= Dataset entries =
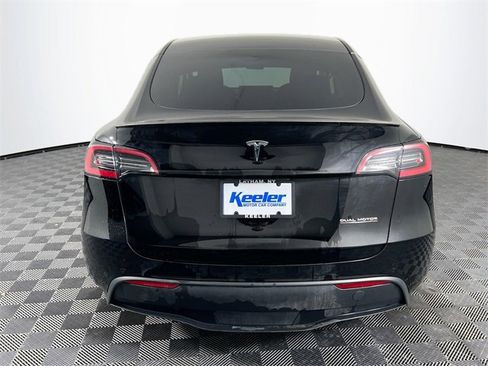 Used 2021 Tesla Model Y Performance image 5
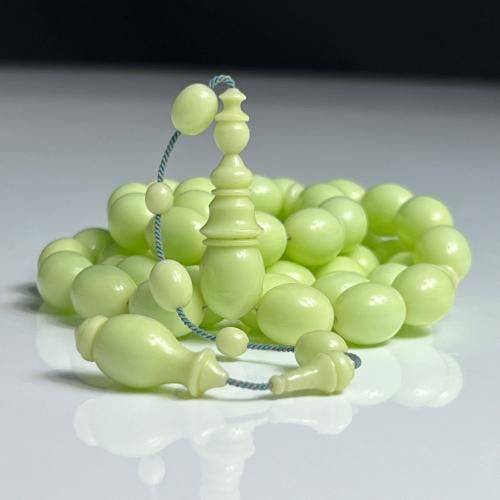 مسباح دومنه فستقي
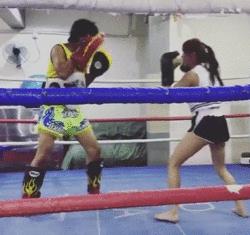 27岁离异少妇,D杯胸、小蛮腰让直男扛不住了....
...
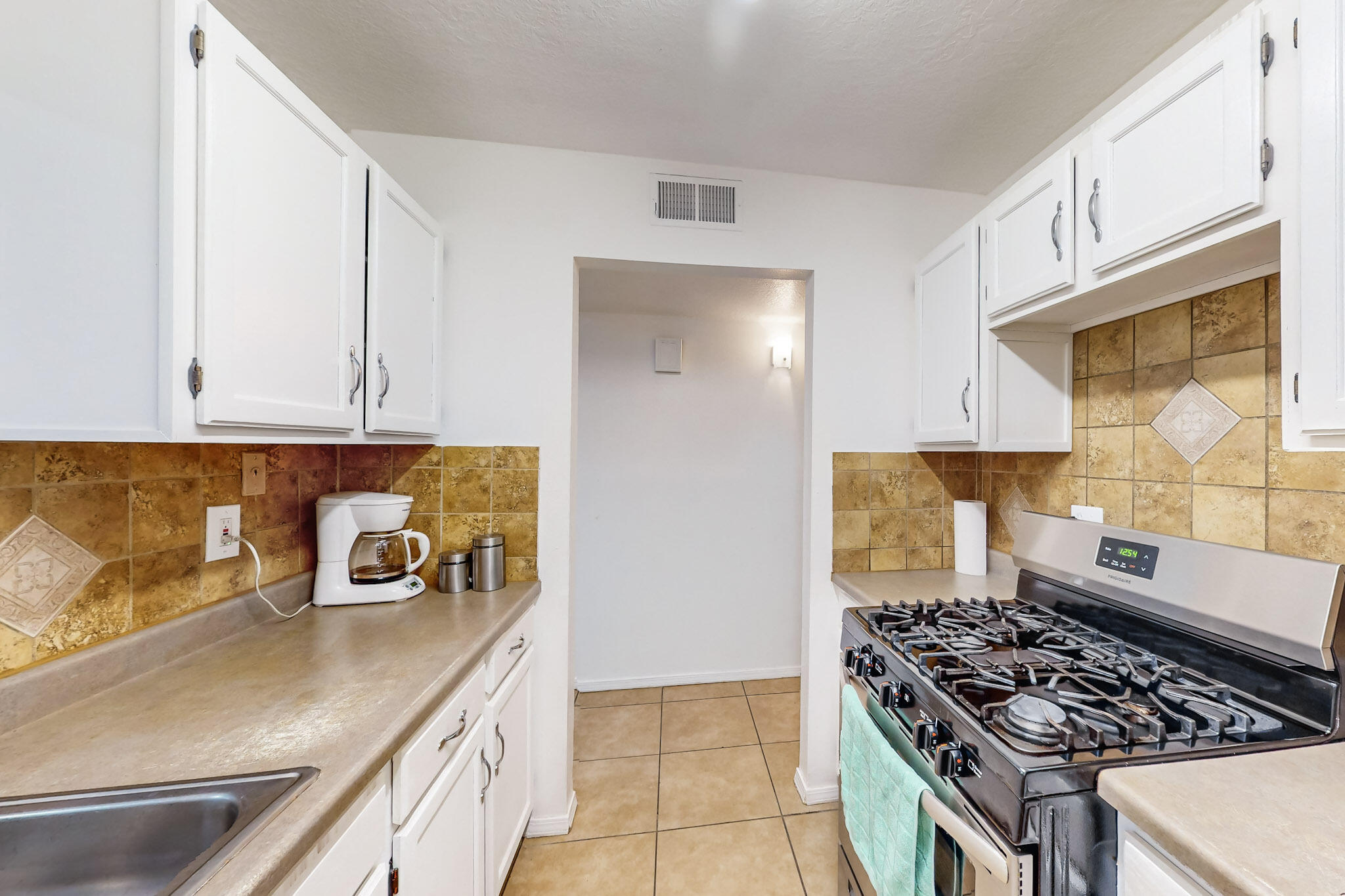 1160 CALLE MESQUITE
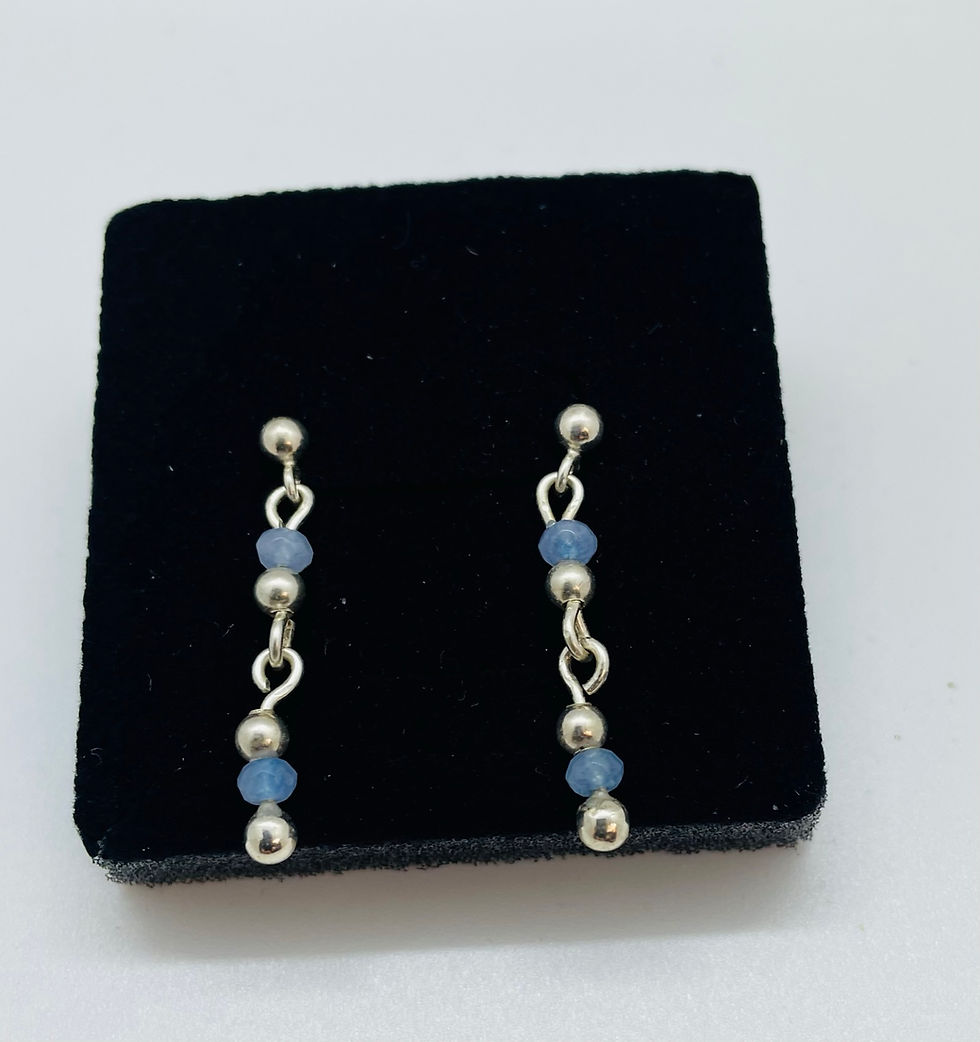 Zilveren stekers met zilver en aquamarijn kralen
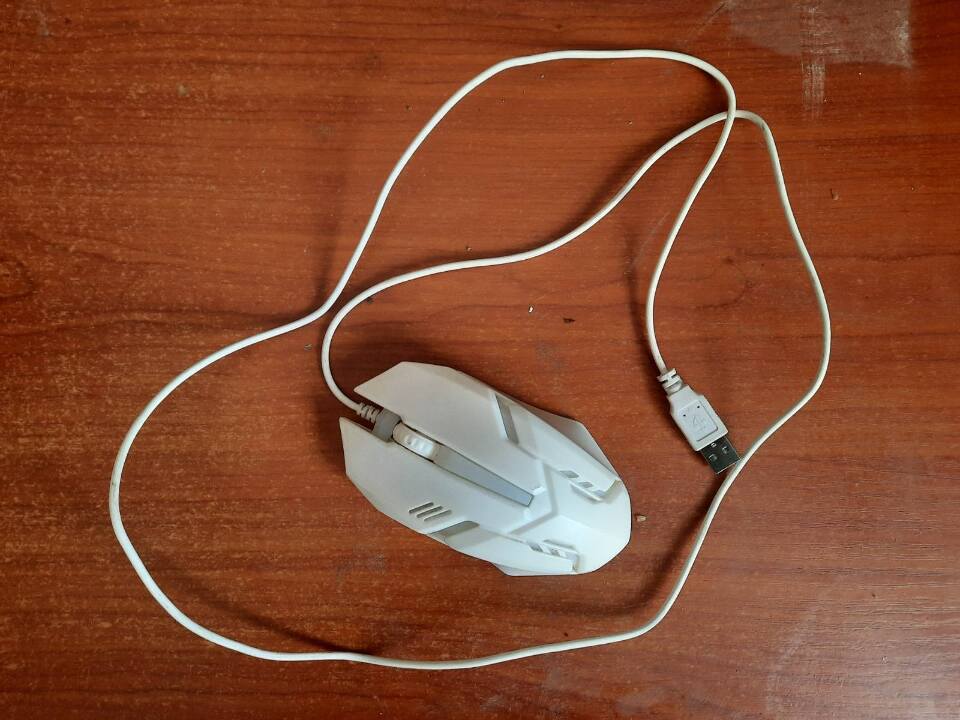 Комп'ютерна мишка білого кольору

= What this task involves =
Keep to the stretch from the line containing "Used 2021 Tesla Model Y Performance image 5" through the line containing "27岁离异少妇,D杯胸、小蛮腰让直男扛不住了....", both ends included, and copy it exactly from the listing above, minus the pictures.

= Task output =
 Used 2021 Tesla Model Y Performance image 5
 مسباح دومنه فستقي
 27岁离异少妇,D杯胸、小蛮腰让直男扛不住了....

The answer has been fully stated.